The Attention Mechanism in Vision and Language Analysis

Publication Type:
Thesis
Issue Date:
2021
Full metadata record
In psychology, attention is the cognitive process of concentrating on a particular aspect of information while ignoring other perceivable elements. Human visual/linguistic perceptions can eliminate distracting factors and concentrate on the most relevant components with psychological attention’s guidance. In representation learning, an operator imitating the psychological attention mechanism in feature aggregation is also in demand. CNN and RNN are the fundamental frameworks in representation learning, and they have aptitudes for processing structured data. However, the recurrent nature of RNN dilutes the long-term information as the sequence length grows. Moreover, with a fixed kernel size, the convolution has difficulty modeling the long-range relations between pixels. In order to solve the problems above, the attention mechanism is introduced to representation learning. The attention operator treats candidate elements as a set without considering their order or position; therefore, the attention-based models can concentrate on the relevant elements flexibly and free from the bondage of data structure.
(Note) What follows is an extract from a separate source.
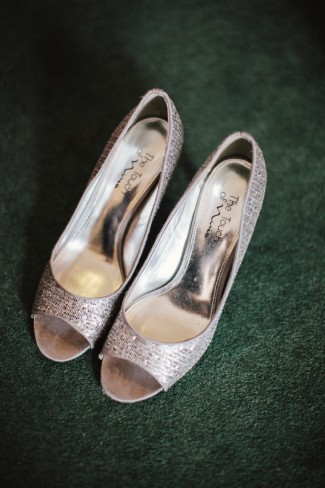 Silver peep toe bridal shoes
This thesis mainly focuses on the attention mechanism for vision and language analysis and researches 1) multimodal attention for image captioning, 2) the positional awareness in attention, 3) local attention for multi-level feature fusion. We begin with the benchmark vision & language task – image captioning, and investigate how to extend the transformer model with the ability to leverage multimodal information simultaneously. Going beyond the attention mechanism exploring content similarity solely, we develop the bilateral attention mechanism, which is equipped with positional awareness. Comprehensive experiments are conducted on two representative tasks, i.e., semantic segmentation and machine translation, and the encouraging results show that position-awareness is a beneficial supplement for the attention mechanism. Furthermore, We explore if it is feasible to replace the standard convolution with a local attention-based operator based on the attention with positional awareness. Besides, the dynamic local operator demonstrates its adaptiveness in multi-level feature fusion for semantic segmentation. Finally, the thesis is concluded with some future directions on the attention mechanism.